Many types of Micro Electro-Mechanical Systems (MEMS) provide electrical sensing, controls, and calculation. MEMS technology is being applied to continually smaller systems, and recently has been applied to nano-scale systems. Designing for continually smaller devices, particularly down to and into the nano-scale dimensions, provides considerable design challenges.
Considerable complexity results when MEMS devices and circuits are applied to hostile environments. One of the most challenging environments that MEMS, or any electronic circuit, can be designed for, or applied to is fluids (and more particularly blood, other bodily fluids, or difficult to handle fluids).
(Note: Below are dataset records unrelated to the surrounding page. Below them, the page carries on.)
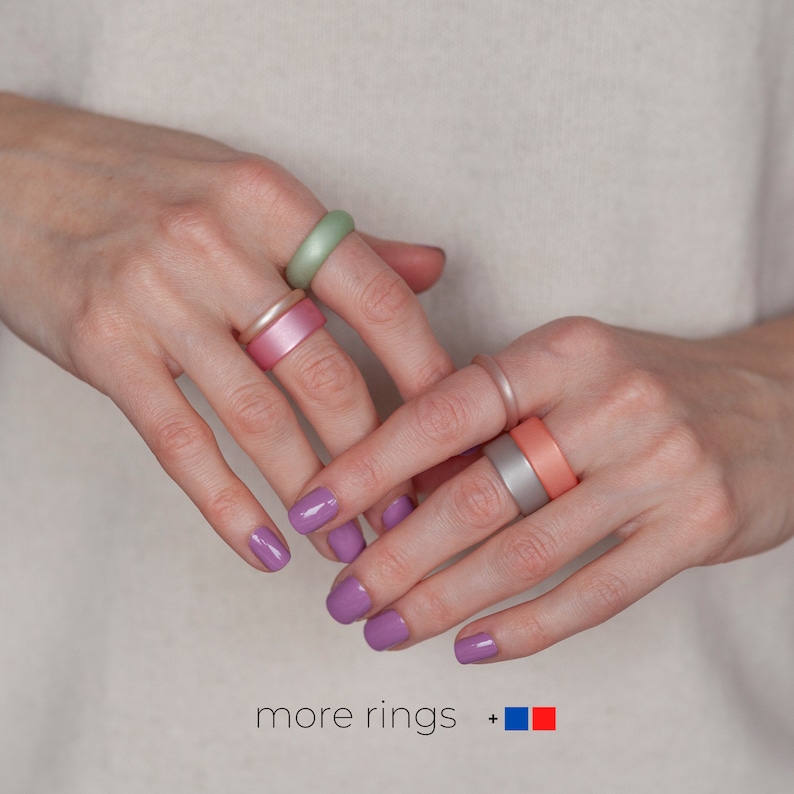May include: A person's hands wearing a variety of silicone rings in different colors, including pink, green, and gray. The rings are stacked on the fingers and the person's nails are painted a light purple color. The text "more rings +" is visible at the bottom of the image.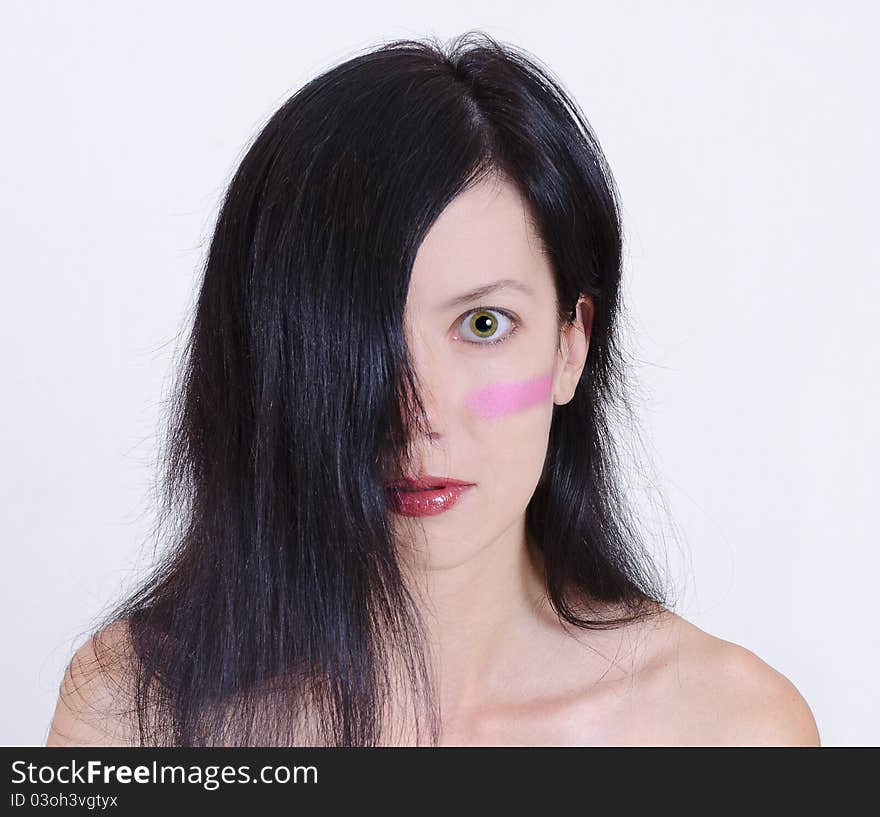 Girl with a pink stripe on her face. Girl with a pink stripe on her face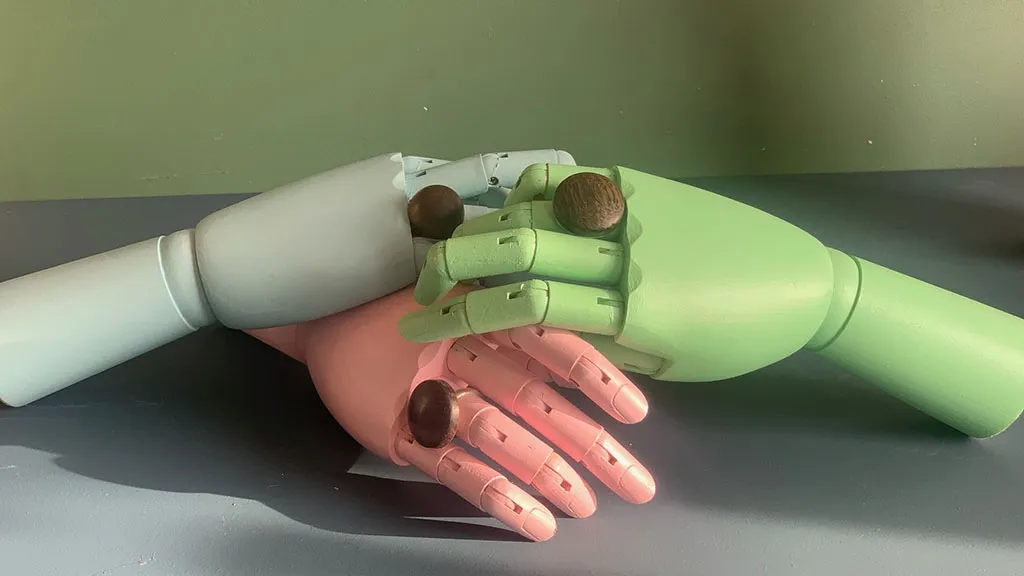 Bendable wooden hands in different colours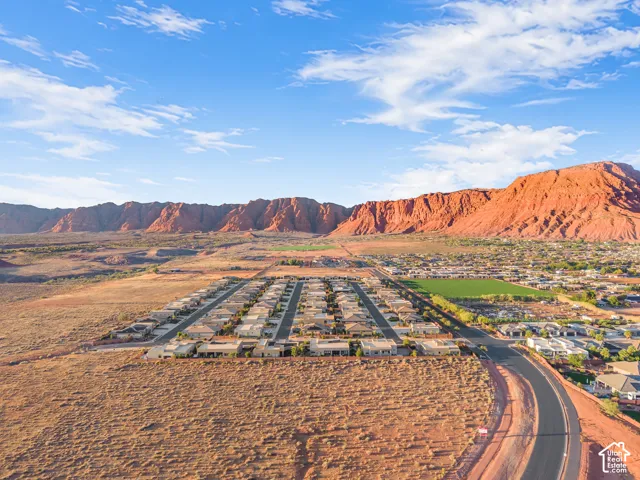 Aerial perspective of a planned residential community featuring paved roadways and natural desert landscape backdropped by prominent red rock mountain formations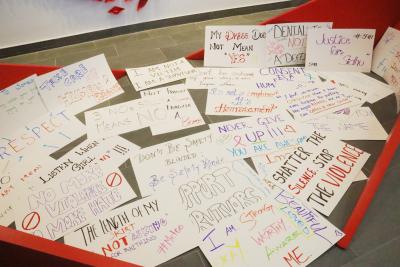 A collection of signs spread out on the floor showing support for Humber’s Take Back the Night event.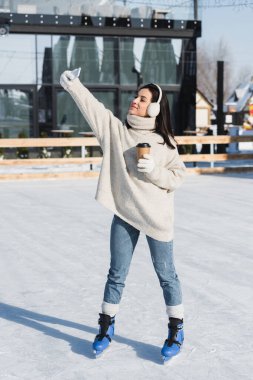 Süveter ve kulaklık takan, elinde kağıt bardak tutan ve buz pateni pistinde selfie çeken mutlu bir kadın. 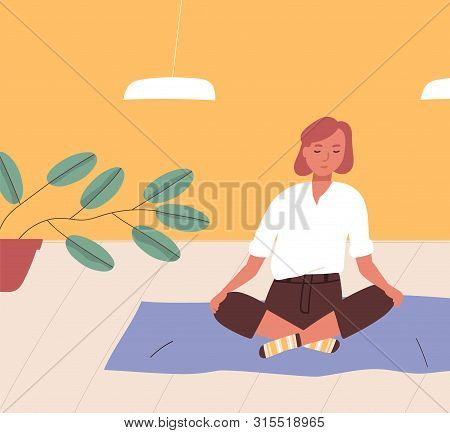 Girl Sitting Cross-legged On Floor And Meditating. Young Woman Practicing Yoga, Buddhist Meditation,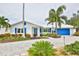 Charming white home with blue accents, a paved driveway, and lush tropical landscaping creating a welcoming curb appeal at 10108 Kingfisher E Rd, Bradenton, FL 34209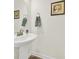 Close-up of bathroom sink with brushed nickel faucet and wall decor at 3097 Arches Bluff Cir, Lancaster, SC 29720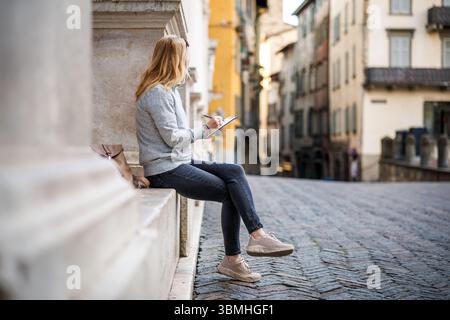 Woman pencil drawing ancient architecture in sketchbook in Bergamo, Italy. Female artist painting during her vacation in Europe Stock Photo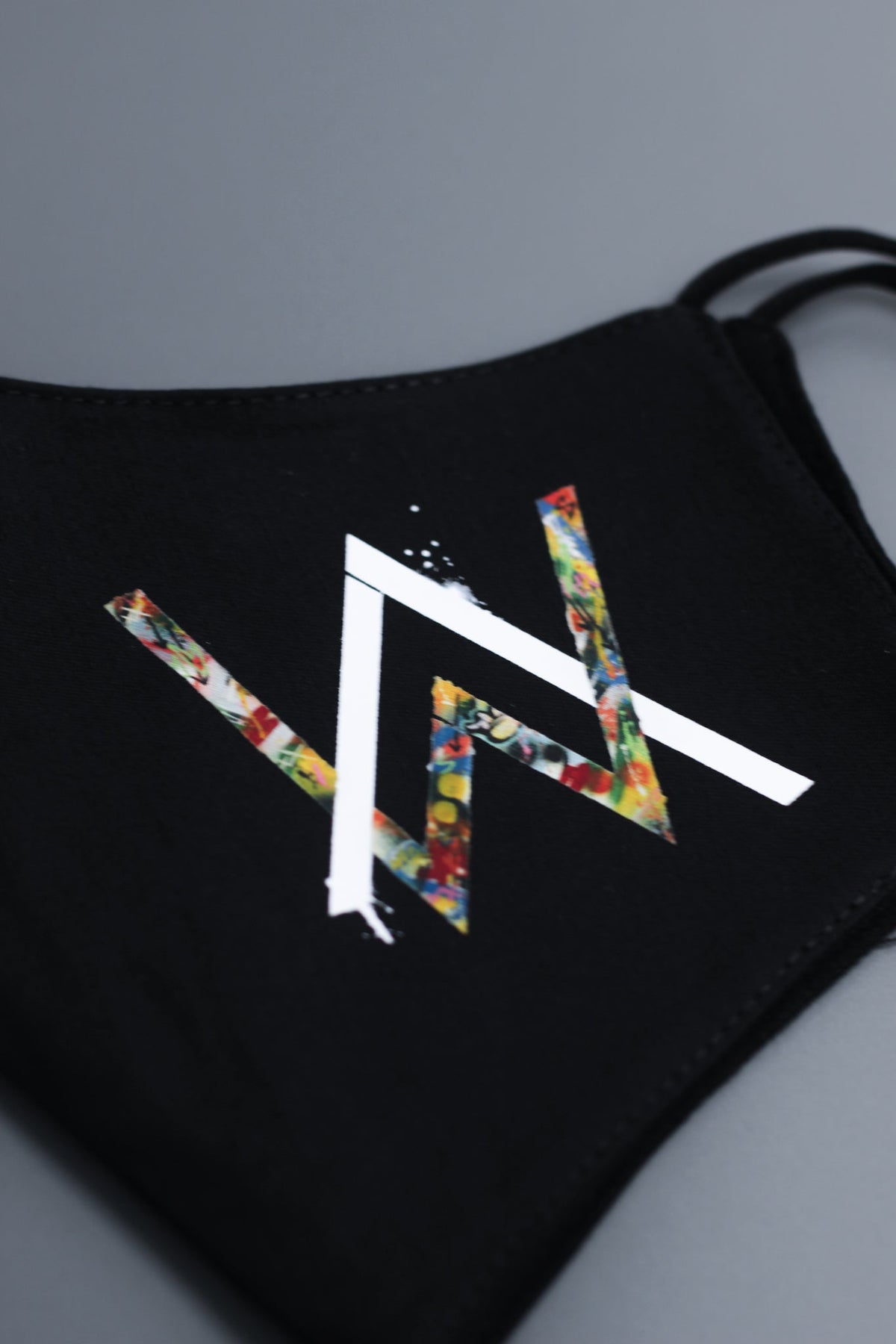 Alan Walker Tired Mask logo close-up, white AW emblem with multicoloured floral fill on black stretch fabric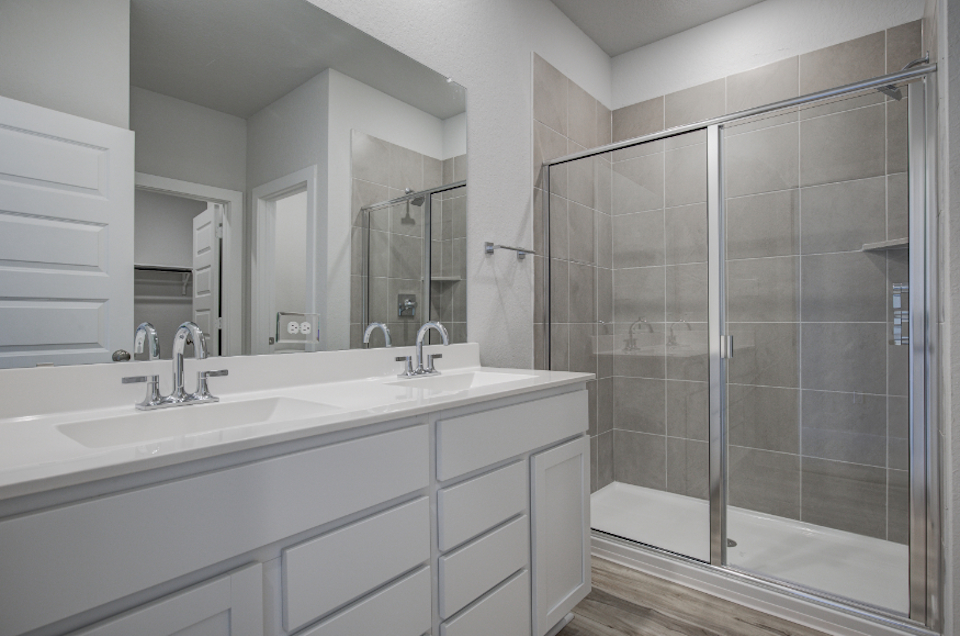 A bathroom with a glass shower.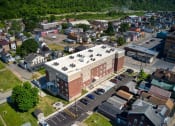 Thumbnail 4 of 36 - arial view of a brick building with a white roof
MEMS can be configured to sense or monitor a variety of parameters within the human body as well as in many other applications. The electronic device has to be protected from such hostile environments to provide an accurate measurement of the fluid.
One prior art embodiment of a MEMS device 29, as illustrated in FIG. 1, can be integrated within certain chemical analysis systems. The MEMS device 29 includes a plurality of substrates 34 and 36. Grooves and/or channels 28 are etched into one or both of the respective etched faces 30, 32 of the two respective substrates 34, 36. The etched faces of each one of the two substrates are bonded together at a bonded region 38 as illustrated in FIG. 2 such that they are positioned to face each other. Since the etched faces are mounted to face each other, a pair of etched grooves (i.e., one groove in each of the etched faces) can together form a conduit surrounded on each side by one of the substrates.
The substrates 34, 36 can be manufactured from a glass (such as Pyrex®—a trademark of Corning) or a semiconductor such as silicon. The substrates are bonded together so the etched channels and/or grooves 28 (as shown in FIG. 1) in one or both of the etched faces 30, 32 of the substrates form a conduit that provides fluidic communications. The substrates can be bonded using anodic bonding technique or with glass frit intermediate layers. The conduits that provide fluidic communications include fluidic I/O ports as well as the fluidic channels.
Such prior art techniques can use known fabrication to create the etched channels and/or grooves 28 as shown in FIG. 1 having a desired dimension down to, and including, tens of nanometers. However, aligning the etched channels and/or grooves 28 on pairs of bonded substrates takes a considerable amount of time and effort. As such, it is difficult to use such matched substrate configurations in large scale production. In addition, such bonded substrate pairs are costly to produce.